1997 yılında Sayın Bahçeli Genel Başkan olduktan bugüne aynı çizgide devam etmiştir. Tüm eleştirilere rağmen, kendi içindeki camianın homurdanmalarına bile göğüs gererek 15 Temmuz’dan sonra Erdoğan’a desteğe devam etmektedir.
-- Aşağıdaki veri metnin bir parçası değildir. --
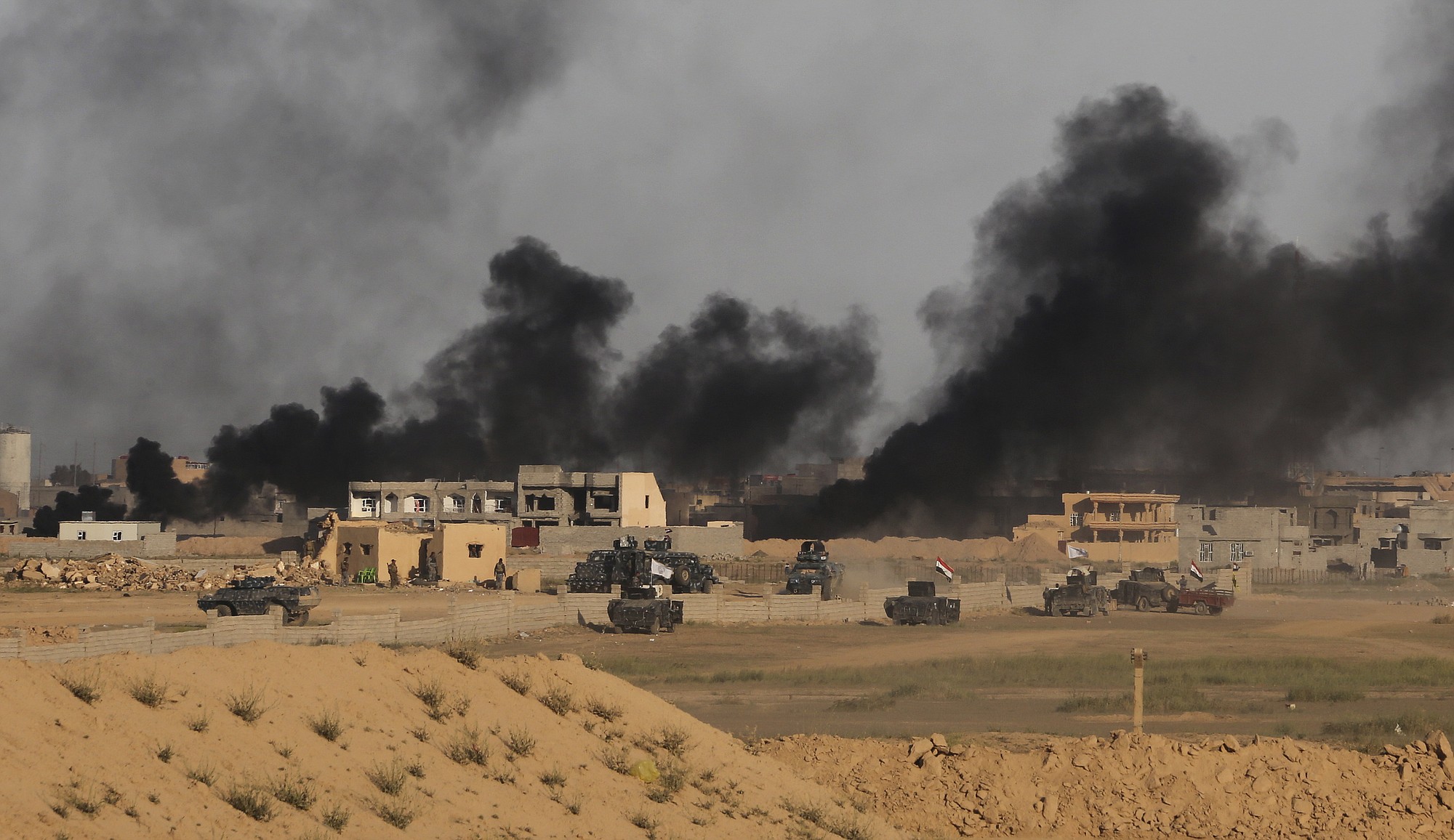 Iraqi security forces prepare to attack Islamic State extremist positions as smoke rises from central Tikrit during clashes in the city, 130 kilometers (80 miles) north of Baghdad, Iraq, on Friday.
Camiayı bilen biri olarak geçmişteki sloganlarımız olan “Ya Karabağ Ya Ölüm!”, “Karabağ Türk’tür, Türk kalacak” dediğimiz günlerden bugüne çok şükür özgür bir Karabağ var artık…
Yine sloganlarımızdan “Türk Birliği ve Tüm Dünyadaki yaşayan Türkler’in özgürlüğü’’ için verilen mücadeleler…
Güneydoğu’da terör örgütleri ile müzakere değil mücadele edilmesi. Şükür FETÖ’nün sıfıra inmesi…
Devlet Bey’in her seçimde söylediği ‘önce ülkem sonra partim’ düsturu camia içerisinde ve her vatandaşımızda karşılık buluyor.
Kemal Kılıçdaroğlu:
Kişilik olarak on numara, dürüst…
Akçeli işlerle işi olmaz…
Altılı Masa’nın mimarı…
Ama bana göre olmamalıydı…
Yani tek başına çıkmalıydı milletin karşısına…
Masadan kalkmalar, Sadullah Ergin’in adaylığı eksi yazdı hep…
Son zamanlarda söylemleriyle bir kıpırdanış gösterdi…
Ama bu hamleler kazanmaya yetecek mi pazar akşamı göreceğiz…
Meral Akşener:
Altılı Masa’nın ikinci büyük partisinin lideri…
Kalkışıyla büyük bir hata yaptı…
Sonra anladı ki hata çok büyük ve döndü…
Dönüşündeki hamleyle, Ekrem İmamoğlu ve Mansur Yavaş’ı ‘Oyuna’ dahil etme stratejisiyle hatasını telafi etmeye çalıştı…
Tuttu mu tutmadı mı göreceğiz…
Muharrem İnce:
2018’in parlayan yıldızı…
Ama aradan geçen 5 yılda kırılan kalpler, zayıflayan umutlar eşliğinde gireceği 2023 seçimleri…
Cumhur ve Millet İttifakları’ndan sonra en çok konuşulan isim…
Böler mi, etkiler mi, dengeyi bozar mı? Göreceğiz…
Sinan Oğan:
Siyasetin eski sayılabilecek bir ismi…
Tabanı var mı? Etkisi olacak mı? Bilmiyoruz…
Milliyetçi görüşü, oy devşirmeye yarayacak mı kestiremiyoruz…
Bu soruların tümüne pazar akşamı yanıt bulacağız…
Sonuçta 50 milyonu aşkın bireyler olarak görevimizi yerine getirecek ve oyumuzu kullanacağız.
Şunu iyi biliyorum ki; kim kime oy atarsa atsın, pazartesi günü yine 85 milyon olarak kardeşçe yaşamaya devam edeceğiz…
Bu ülke bizim, bu Türkiye bizim sevdamız…
Sonuçları da hepimize hayırlar getirsin…
Pazar günü seçim heyecanının yanında bir başka heyecan da yaşayacağız…
Cennet ayakları altında dediğimiz annelerimizin günü…
Değerli annelerimizi her şeyin üstünde tutmamız dileklerimle…
Anneler gününüz kutlu olsun, her gün analarımızın olsun.